I completely agree with the last one. I never
say “this is my birthed son/daughter”or “this is my adopted daughter”.
they are all simply my children. They were birthed/adopted once, they
are not currently in the act of being either. I think they are currently in act
of making me crazy!!ha
I am still pretty new to this, we are only 2 months and 2 days into it, but I do get so very angry when my son refers to his birth mom as his “real mom” I want to scream and rage about that. At the same time I feel bad because I can’t believe I am being that petty. But every time he uses that phrase, I just say, “Oh, your birth mom?” I don’t ever make a big deal about it to him. Today I had a major victory in my eyes. He was saying something about her and he said “my r…birth mom” YAY! And I didn’t have to say a thing!

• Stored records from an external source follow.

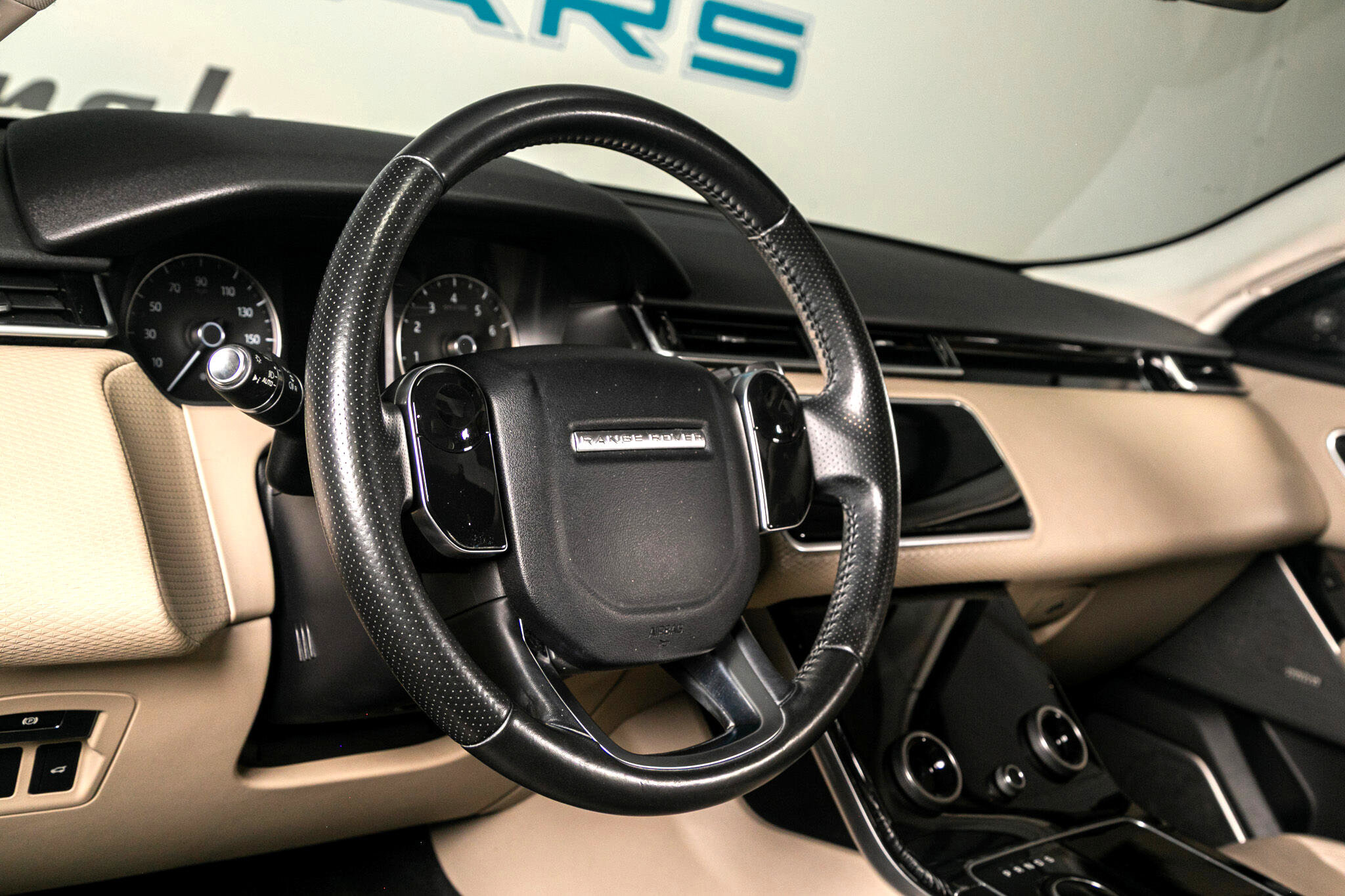 Used 2020 Land Rover Range Rover Velar S image 2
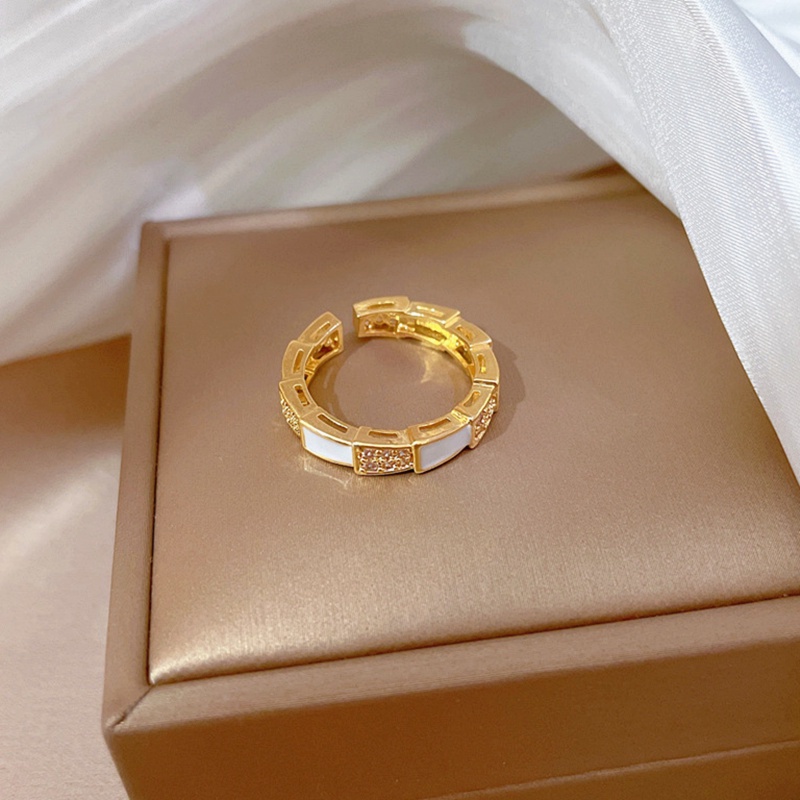 Cincin Titanium Wanita Anti karat Berlian Lapis Emas 18K Perhiasan Korea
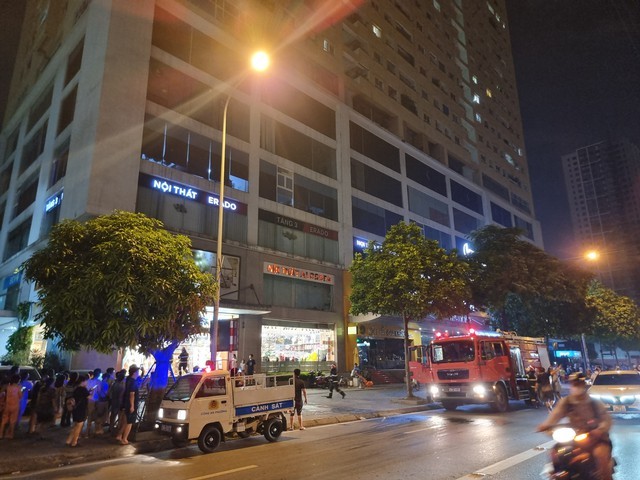 Cháy căn hộ chung cư ở Hà Nội, người dân hoảng loạn tháo chạy ảnh 3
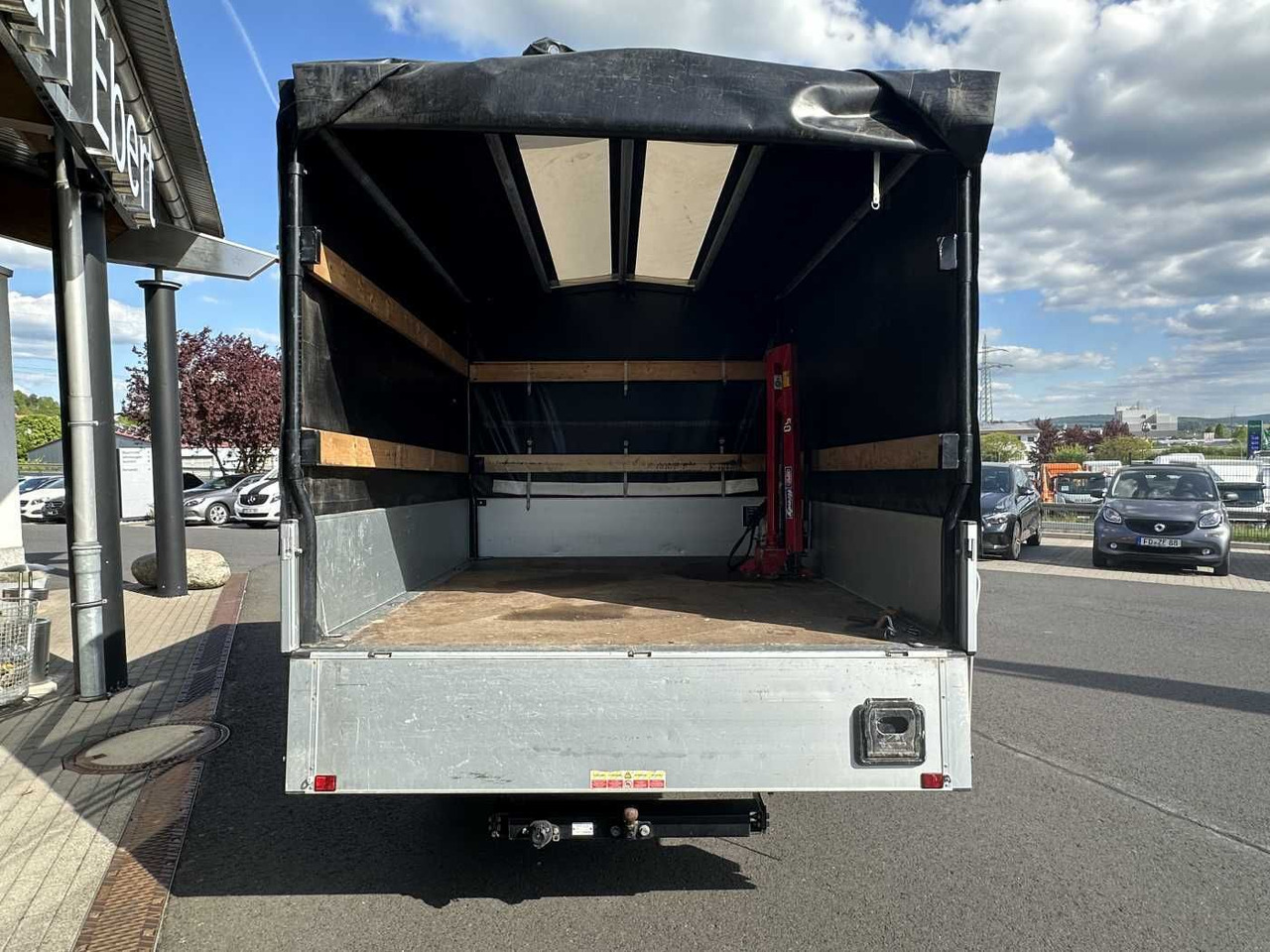 Iveco Daily 35S14 Pritsche+Plane *AHK*Ladekran*7-Sitze - כלי רכב מסחרי במיטה שטוחה: תמונה 5 Iveco Daily 35S14 Pritsche+Plane *AHK*Ladekran*7-Sitze - כלי רכב מסחרי במיטה שטוחה: תמונה 5
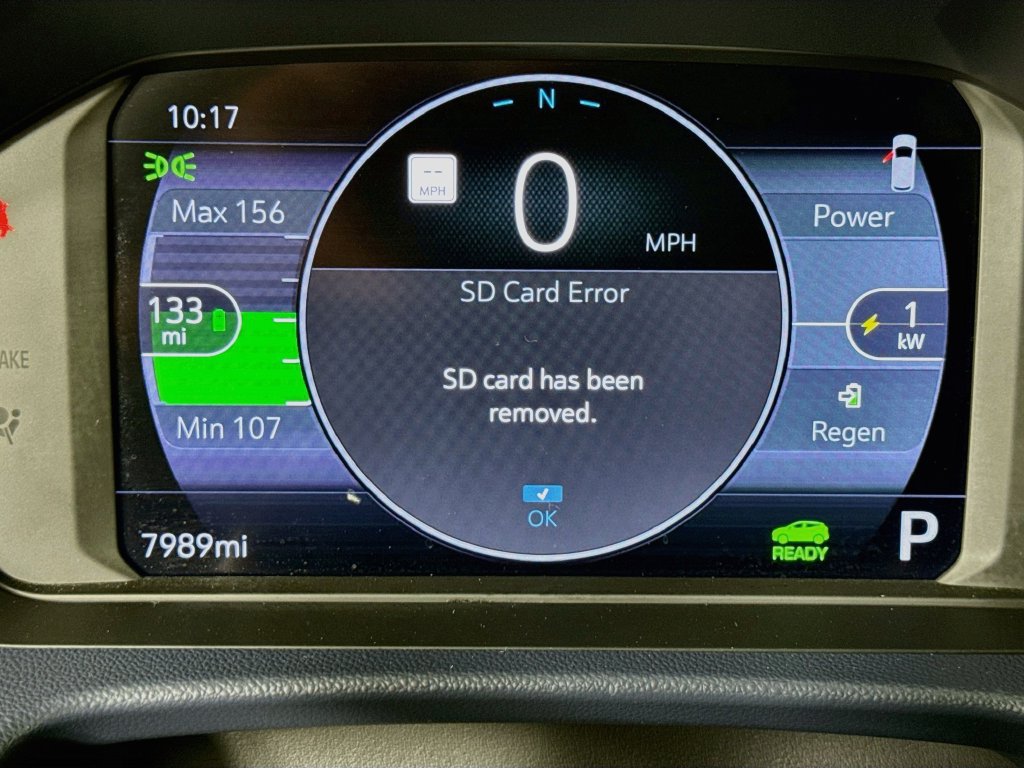 Used 2022 Chevrolet Bolt EUV Premier w/ Sun & Sound Package FWD image 14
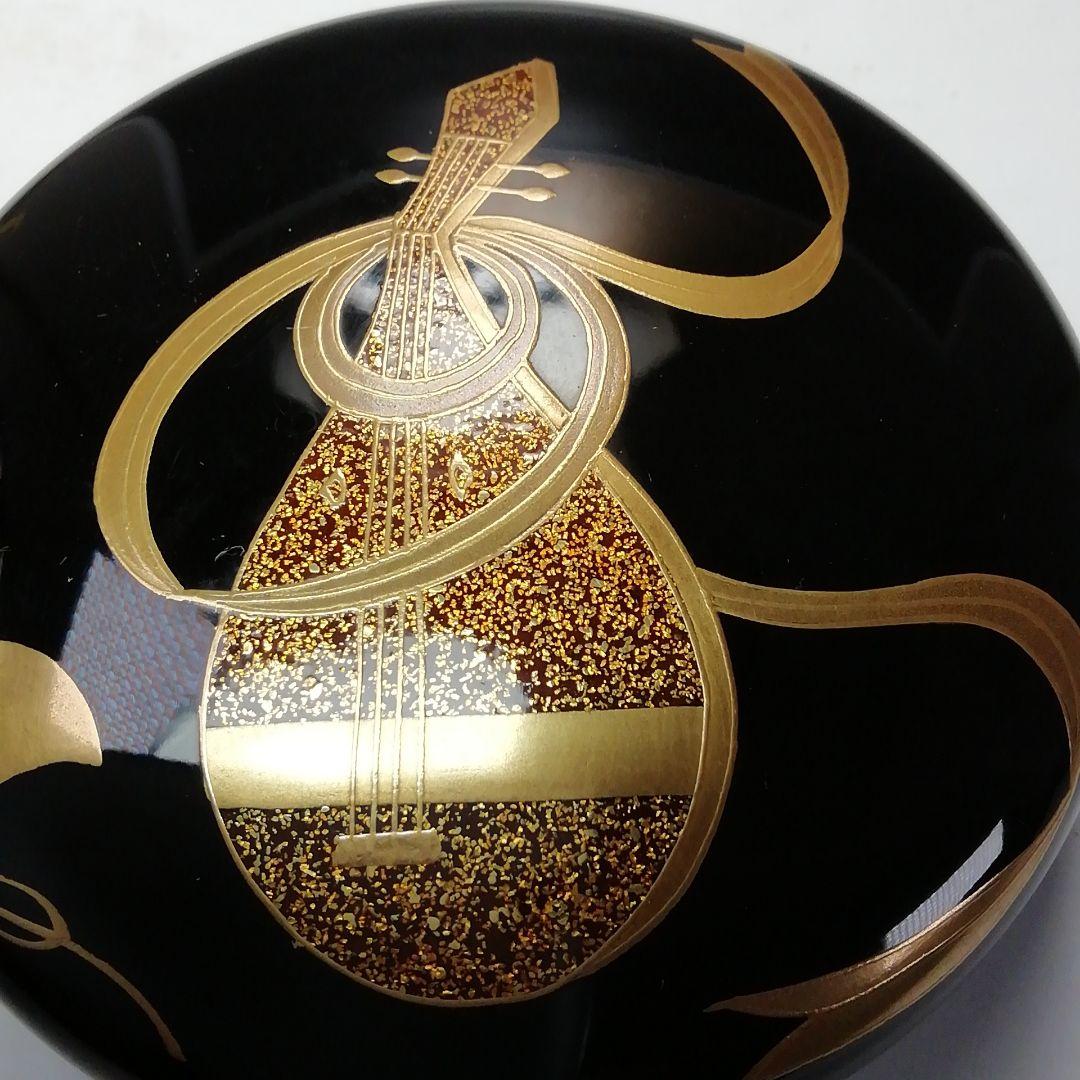 Ｓ６８８　棗　『楽器蒔絵』『大棗』『表千家　久田宗家　極箱　尋牛斎』『内銀花押』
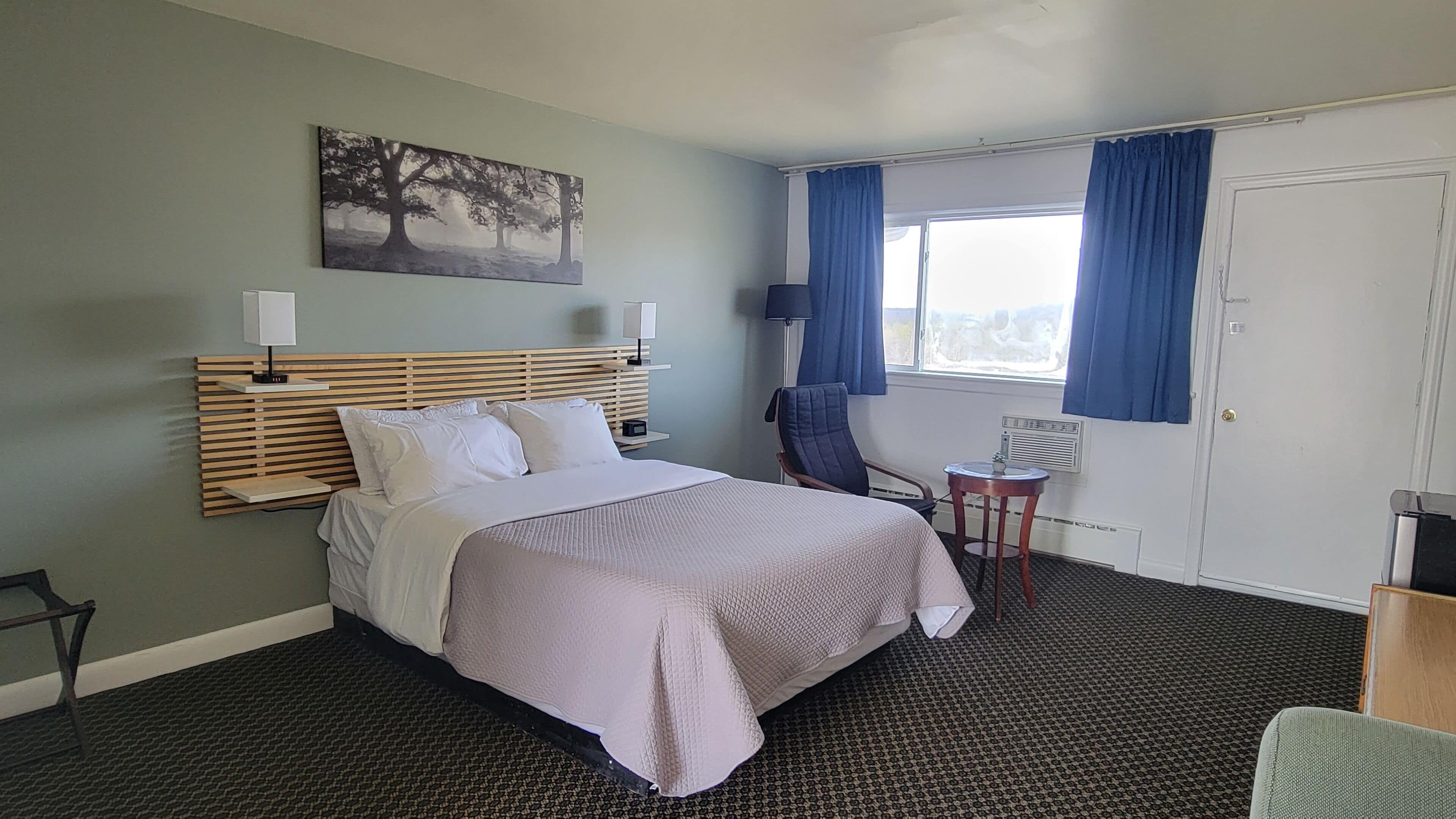 Habitación doble, 1 cama de matrimonio | Tabla de planchar con plancha, cunas gratuitas, wifi gratis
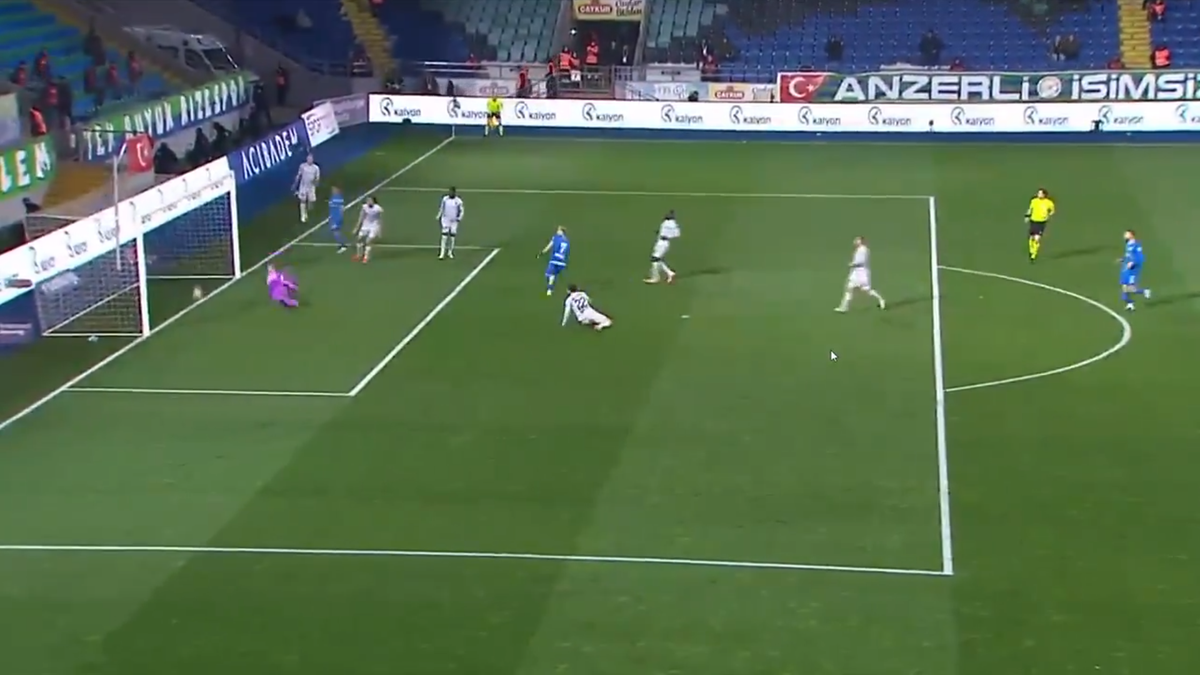 Valentin Mihăilă, „bară-gol” cu Kocaelispor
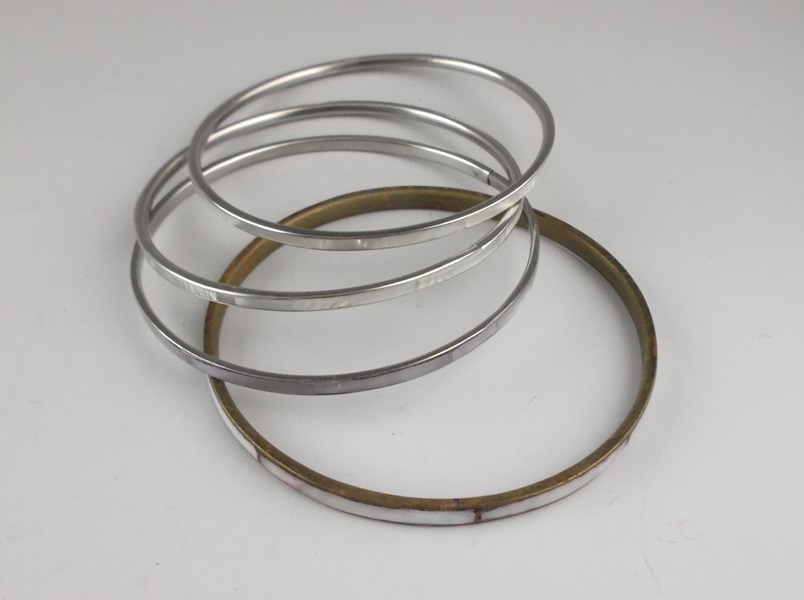 Four Vintage Mother of Pearl Bangle Bracelets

We did actually have someone come up to us and say, “OH! Are they having a sleep over?” (Referring to my two sons) I thought that was a really weird question.
Love your blog! This might seem strange, but I just saw that you commented on The Archibald Project’s photo of Bethel China. I work for Bethel, so I did a little happy dance when I saw that you knew about us via TAP. I or one of my colleagues would love to connect with you about promoting adoption or child sponsorship at Bethel on your blog, if you’re interested. 🙂 We’re really trying to raise awareness about adoption for visually impaired kids!
Thanks so much for your honesty and openness!